古代ローマをローマ世界として存続せしめていたものは、この著者によればあと2つあります。そのひとつは地方の有力者とローマ権力中枢との支配体制における協力関係、著者の言葉で言えば「共犯」関係です。権力中枢は地方の有力者に「統治業務のいわば丸投げ」をしており、一方、地方の有力者は「ローマの力と権威を借りて、彼らの地元における支配力を強化した」という持ちつ持たれつの関係です。最後のひとつはローマ文明の魅力、あるいは同化力です。辺境の人々がローマ文明にあこがれ、ローマ化したい、と思えるような状況が存続する限り、ローマは存続しえた、という視点です。これらの条件が崩れることによってローマ帝国は滅亡した、というのは実は不正確な言い方で、というのはローマ帝国はこのあとも千年間存続したので、これらの条件が崩れることによって西ローマ帝国は、滅亡した、というのが著者の見解です。
このような著者の見解の延長として、著者は紀元406年、ブリタニア(現在のイギリス)駐屯軍の軍人であったコンスタンティヌスが軍隊によって皇帝に担ぎ出され、このコンスタンティヌスローマ市に攻め上るためにブリタニア駐屯軍を率いてガリア(現在のフランス)に進軍したことを重視しています。これはブリタニアの国境警備の放棄です。これが先に述べたローマがローマであり続けるための第一の条件、「自分たちはローマ市民であるという自覚を強烈に持った国境警備の軍隊」というものを破棄してしまいます。

イタリア防衛のために、そしてコンスタンティヌス3世の簒奪とガリア移動のために、帝国西半のフロンティア(=国境)を統御する軍隊はいなくなった。先述のように、ホノリウス帝はブリテン島の町々に対して、自分たちで町を護れと命令したと伝えられる。ローマは征服地に対して税を課し、軍事はローマ側の役割でかつ義務としてきた。ホノリウスの回答は、この義務の放棄を意味した。フロンティアの軍隊がいなくなったと同時に、ローマ帝国の曖昧な境界を実質化していた兵士たちの「ローマ人である」という自己認識も消え失せた。


「新・ローマ帝国衰亡史」 市川高志著 より

このことがローマをローマたらしめているもうひとつの条件、地方の有力者とローマ権力中枢の共犯関係、も切り崩していきます。

さらに、フロンティアでは、ローマ支配に組み込まれていた有力者層が、住民を直接支配下に入れてローマの統治システムから離れるようになった。

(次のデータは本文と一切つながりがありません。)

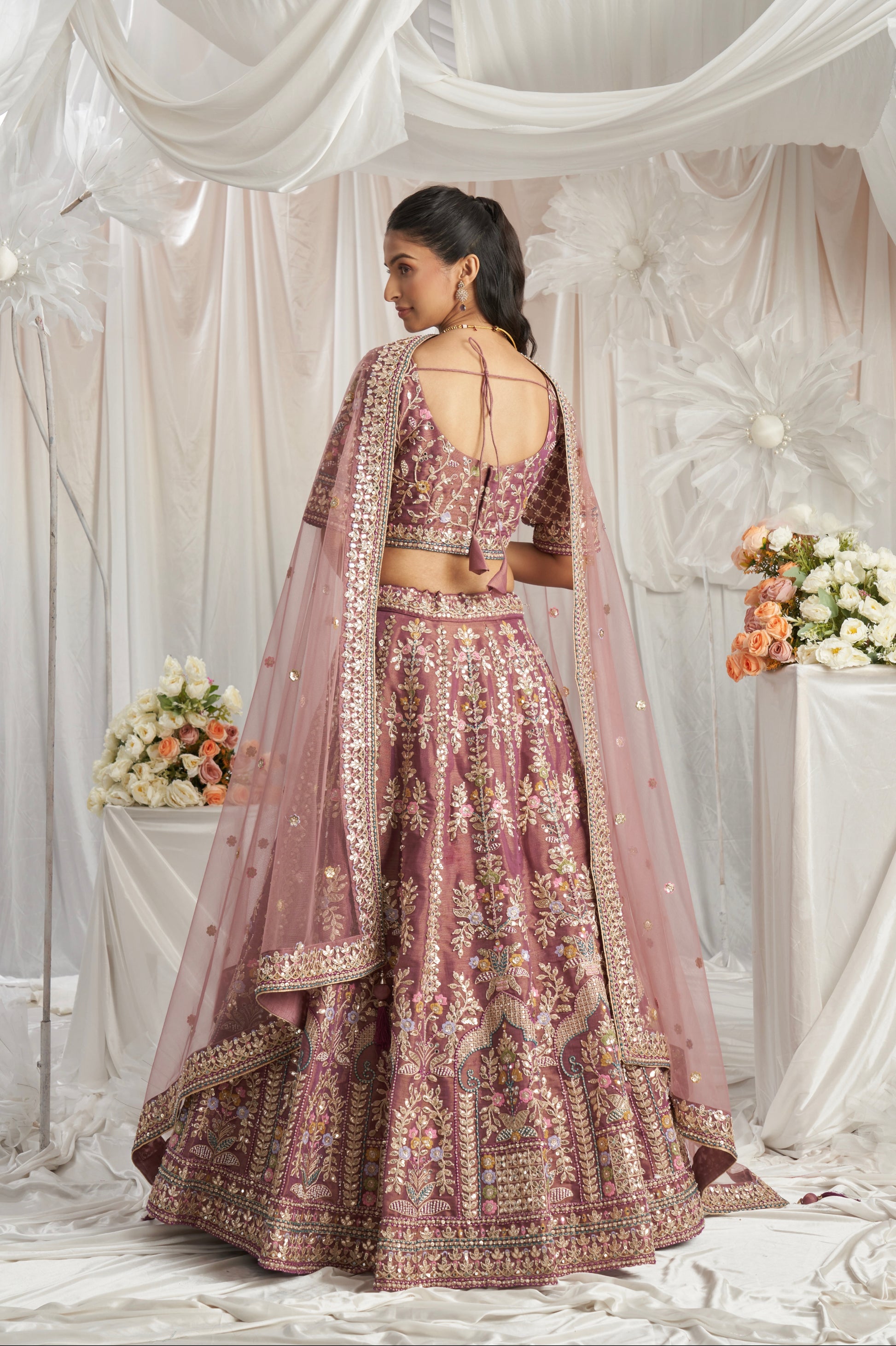 Lavender Gold Bridal Net Lehenga with Gotapatti & Sequins Work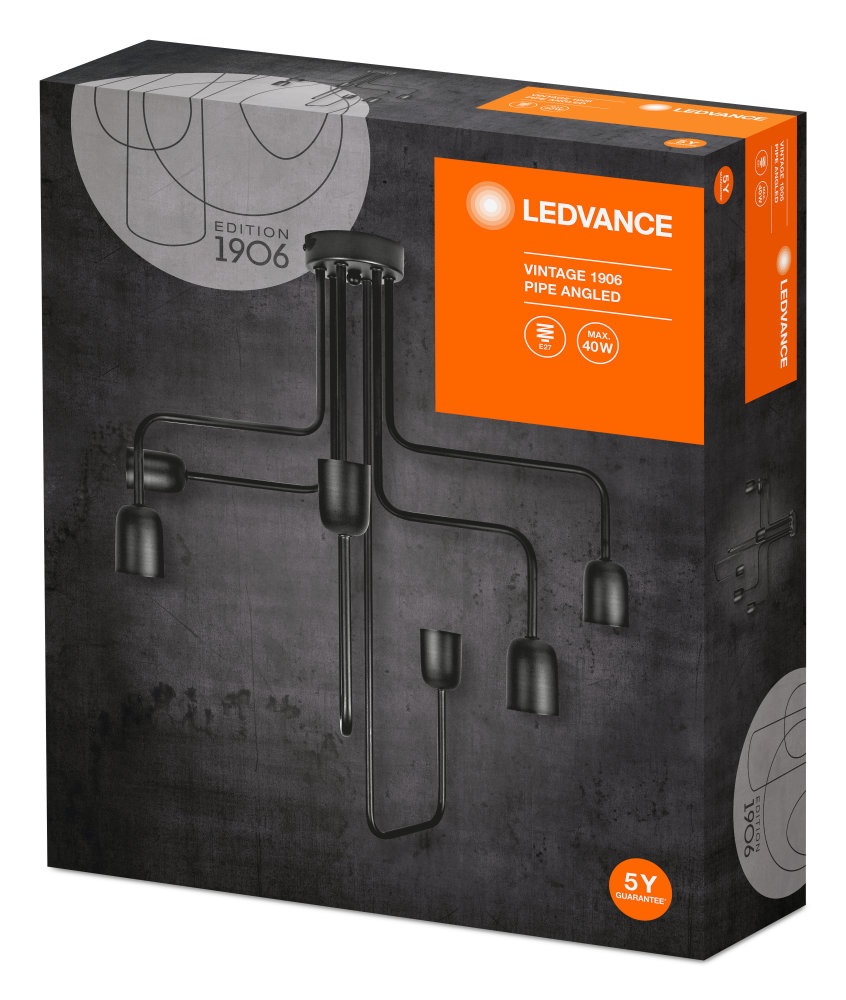 Ledvance Vintage 1906 Pipe Angled max. 60W /6xE27 mennyezeti lámpatest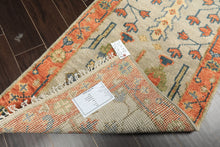 Runner Gray, Mint, Beige Color Hand Knotted Oushak Wool Traditional Oriental Rug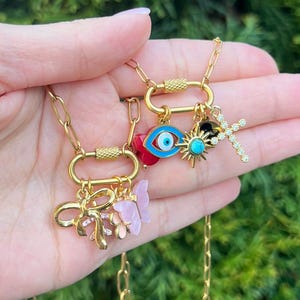 Build Your Own Custom Charm Carabiner Necklace, Custom Charm Necklace For Women, Personalized Jewelry, Trendy Charm Necklace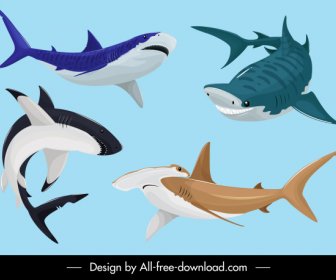 Sharks Icons Motion Sketch Cartoon Design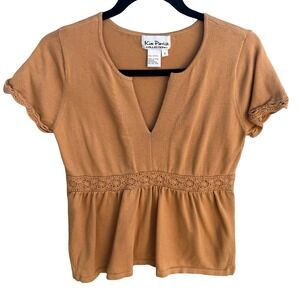Kim Parrish Tan Cotton Knit Empire Waist Crochet Trim Top Boho Cottagecore Small
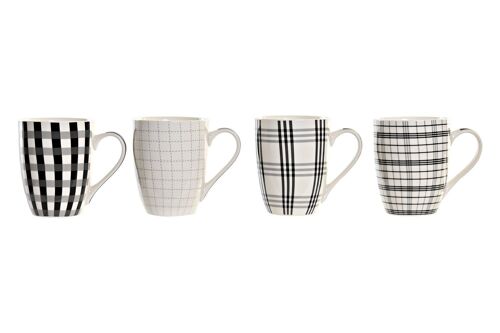 Mug Porcelana New Bone 11,5X8,3X10,5 340Ml 4 Surt. PC201112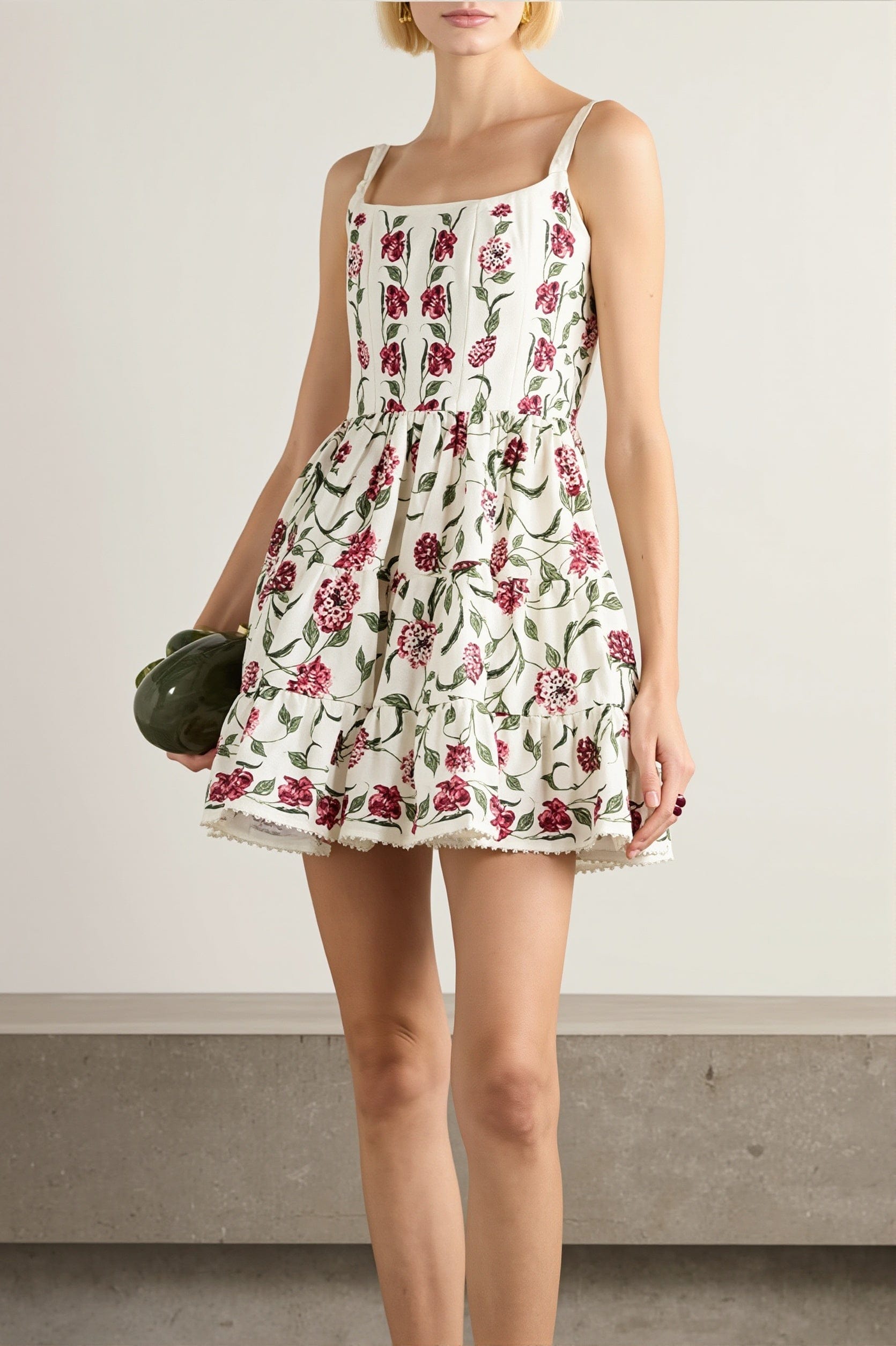 Dames Mini Jurk Met Bloemenprint En Kant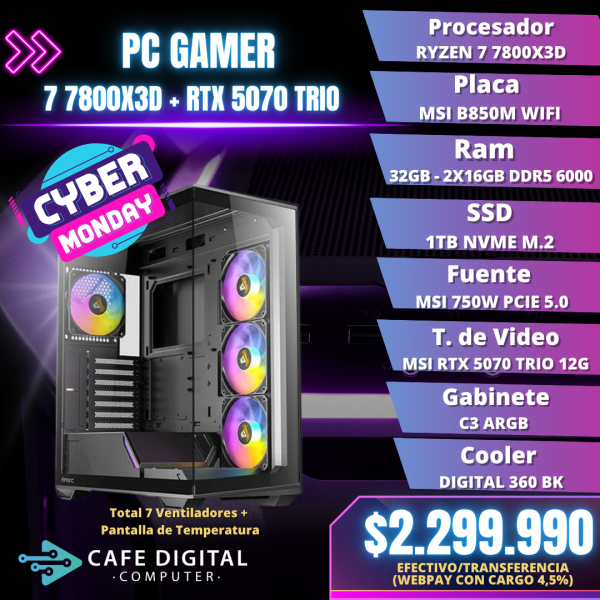 PC Gamer – Ryzen 7 7800X3D / RTX 5070 TRIO / 32GB DDR5 / 1TB NVME – ULTRA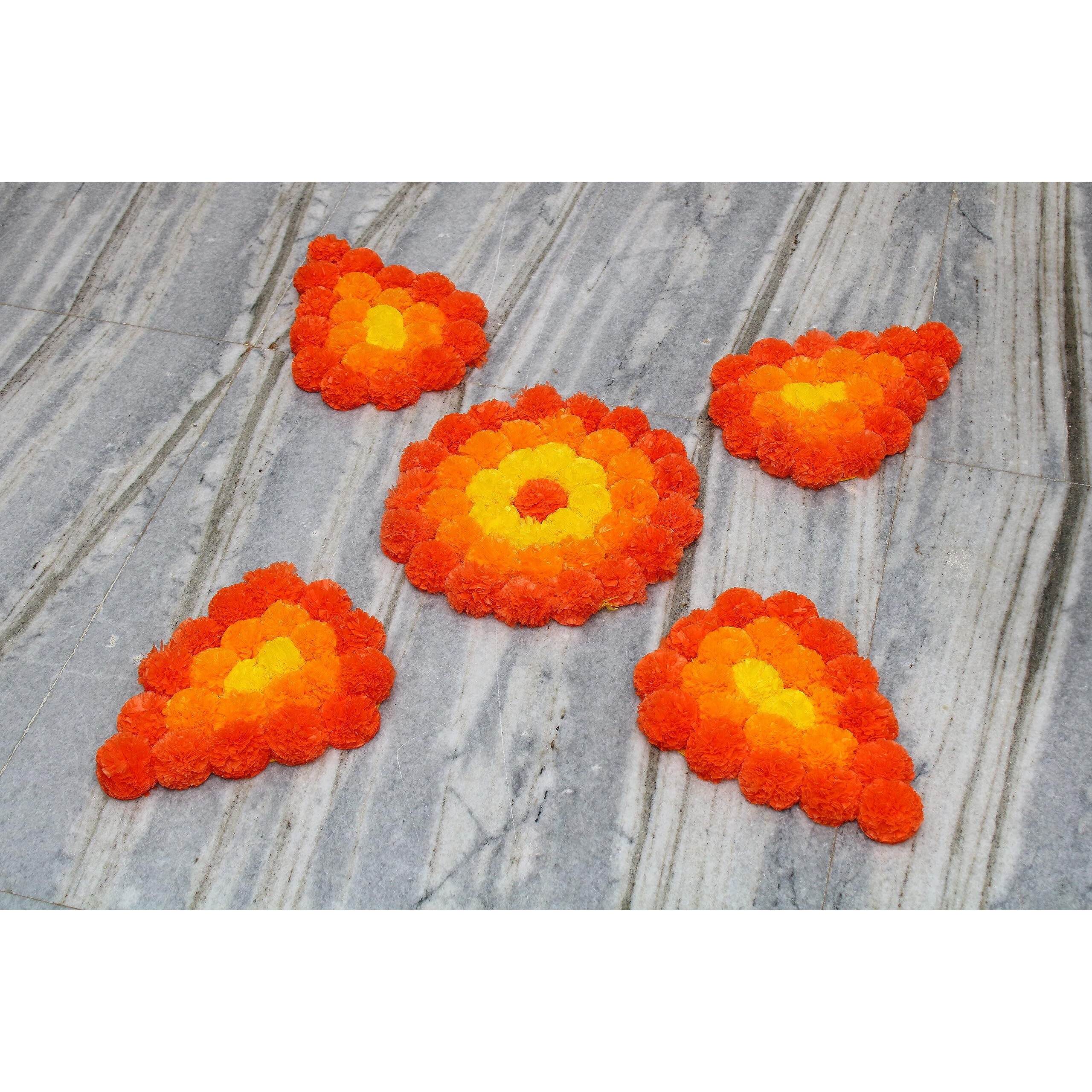 JH Gallery Handmade Artificial Flowers Rangoli Set Decoration Home Decor - Home and Pooja Room Decorative Floor Mats, Diwali Festive for Home Floor Decor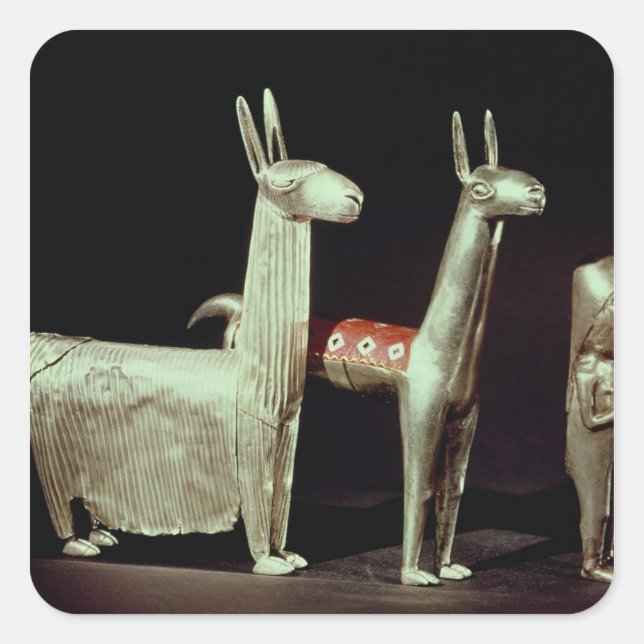 Pegatina Cuadrada Llama, alpaca y mujer (Anverso)
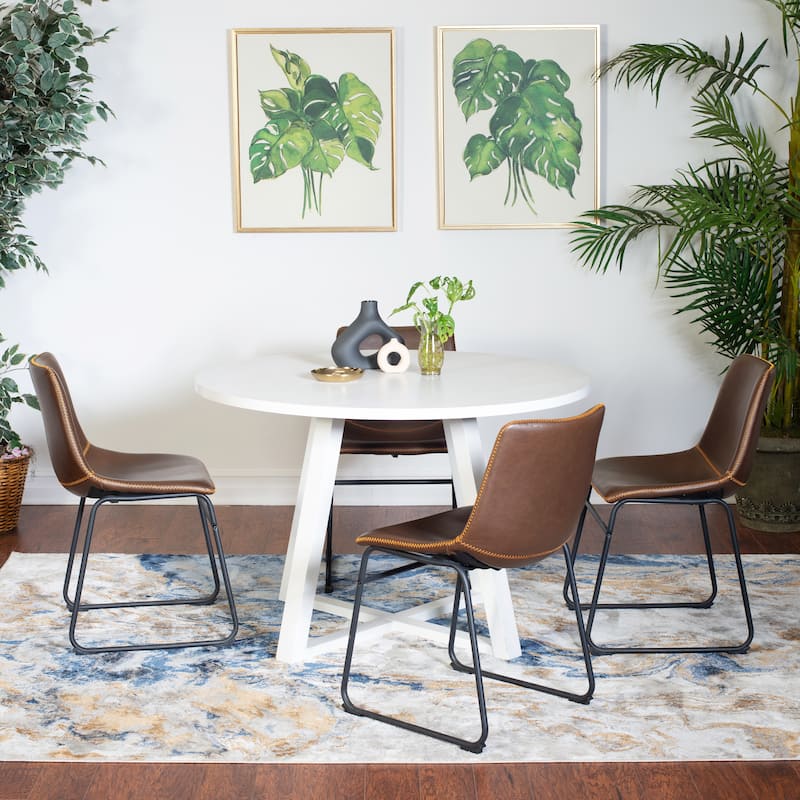 5 Pieces Round Dining Table Set with 4 Stylish Chairs and Trestle Table Legs, Decorative Kitchen & Dining Furniture
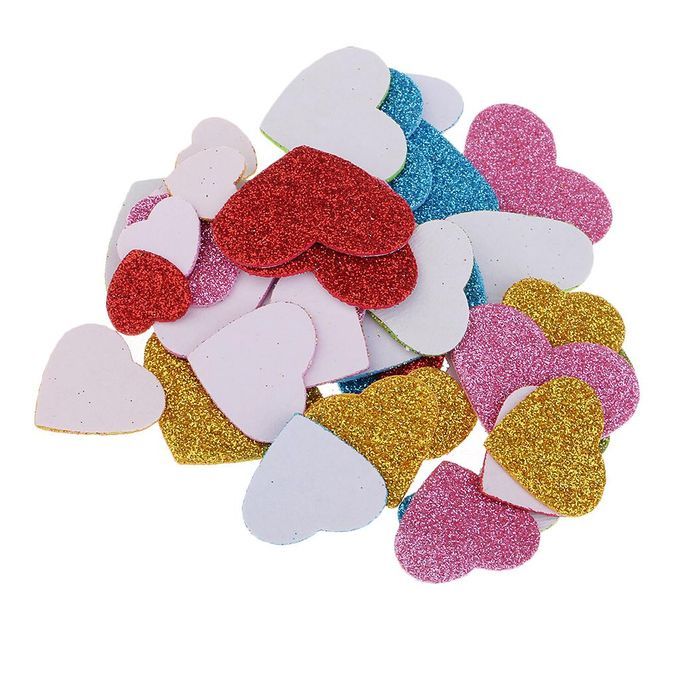50 Pcs Heart Glitter Foam Wall Stickers For Kids Nursery Living Room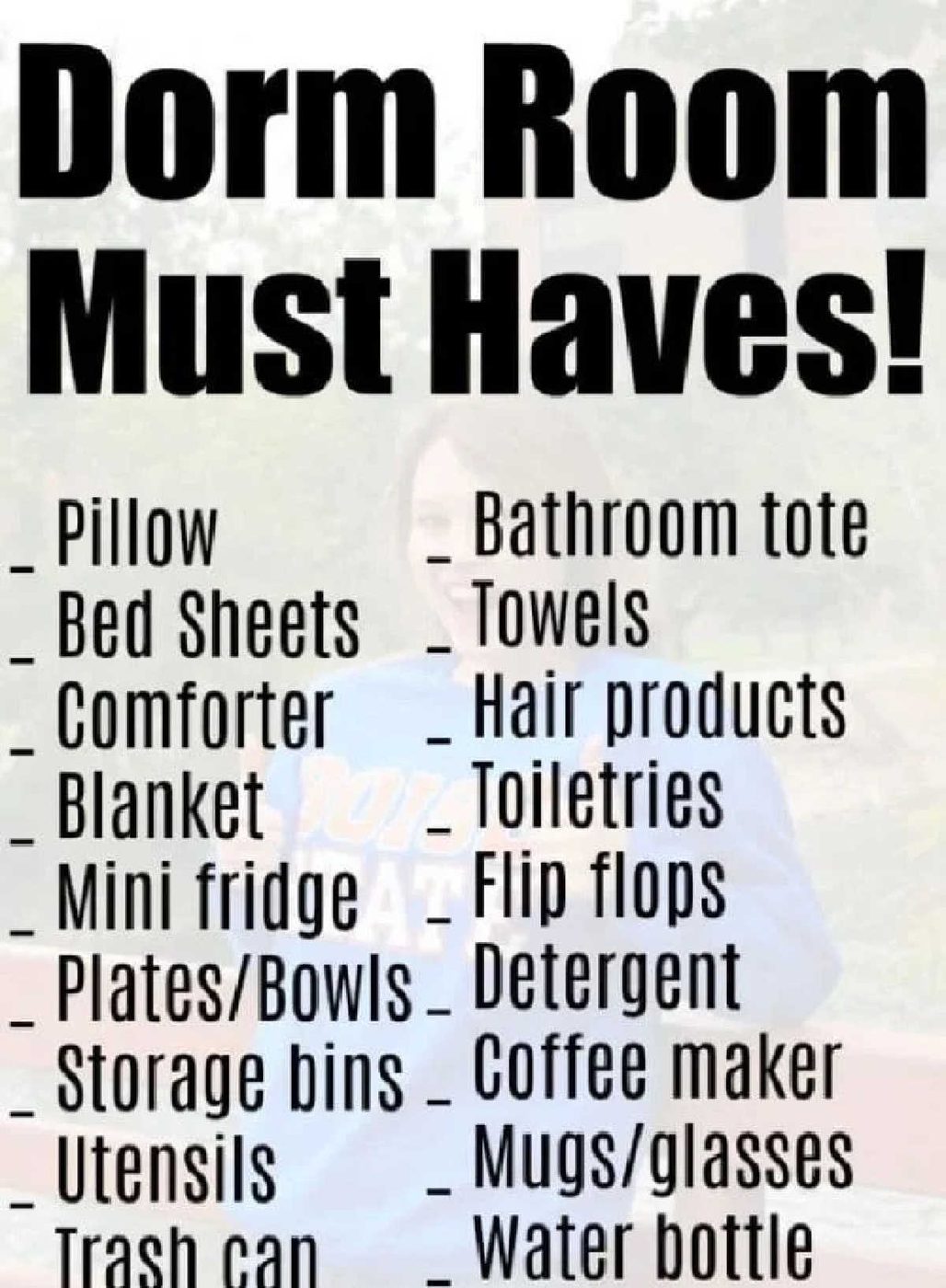 Free Printable Dorm Room Checklist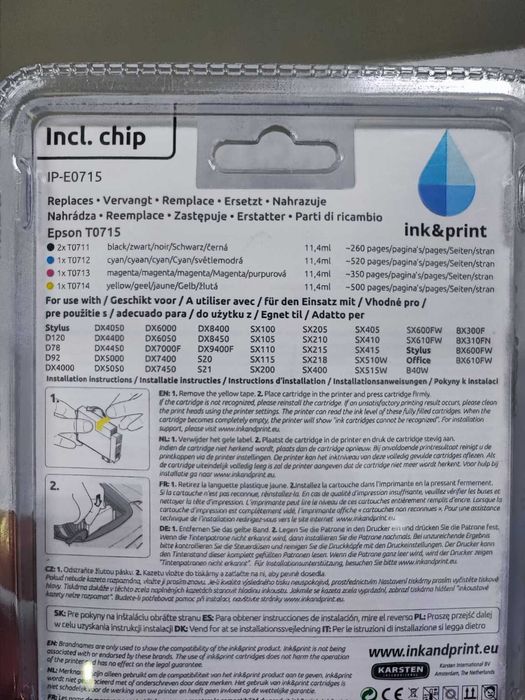 Set 5 cartușe cerneală compatibile Epson T0711-T0714, cu chip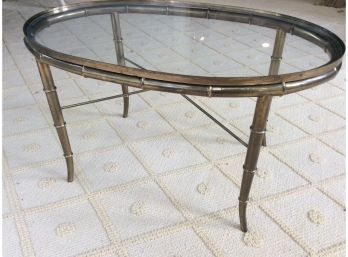 Glass Top Oval Faux Bamboo Cocktail Table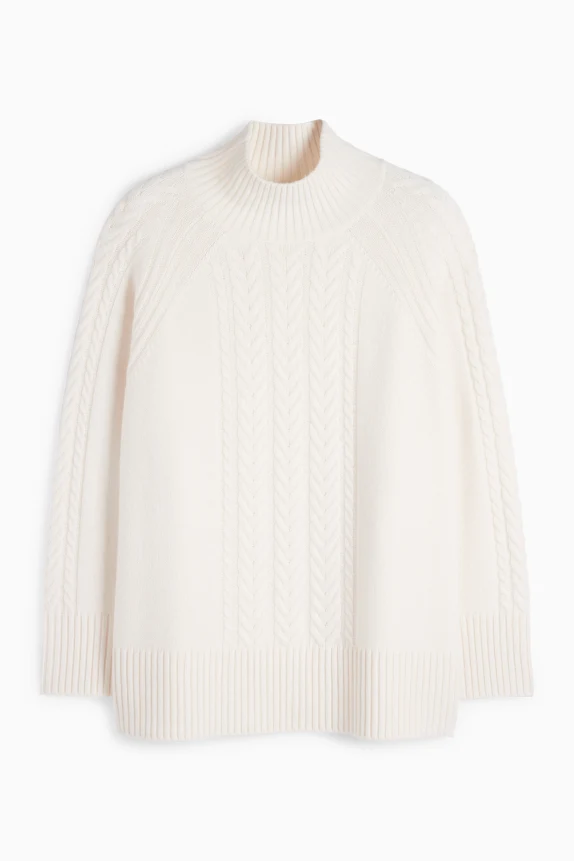 Polo neck jumper with cashmere - wool blend white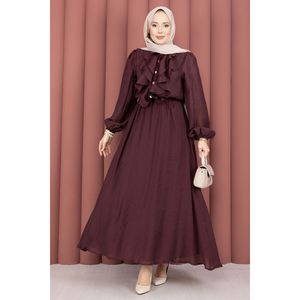 Conjunto de hiyab informal transpirable de manga larga color ciruela para mujer con detalle de volantes en la parte delantera, tela modal - Product Image 3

外部部族が進入したガリアの大半の地域では、外からの新しい勢力が在地の有力者を吸収したり、所有者が逃亡したウィッラなどに住民が集まって勢力を成すようになったり、逃亡しなかった所領主のもとに住民が集まって勢力を形成するなど、いくつかの新しい形態が生まれてきたが、いずれにしても、もはやローマ政府から派遣される役人などを必要としなくなった。ローマは支配のための「共犯関係」にあったはずの有力者の力も失ったのだった。


「新・ローマ帝国衰亡史」 市川高志著 より

このような過程が西ローマ帝国で進行したのは、378年のゴート族とのアドリアノープルでの戦いでのローマ軍の大敗から、409年のブリタニアの支配権喪失までの30年間であるとのことです。409年以降、476年の西ローマ帝国の滅亡までの歴史はこの本では重視されていません。この期間の西ローマは帝国ではなくイタリアの地方政権に過ぎない、と著者は見ます。


この見解はそれなりに正しいと思うのですが、私はこの地方政権になってからのゴタゴタの歴史に妙に惹かれます。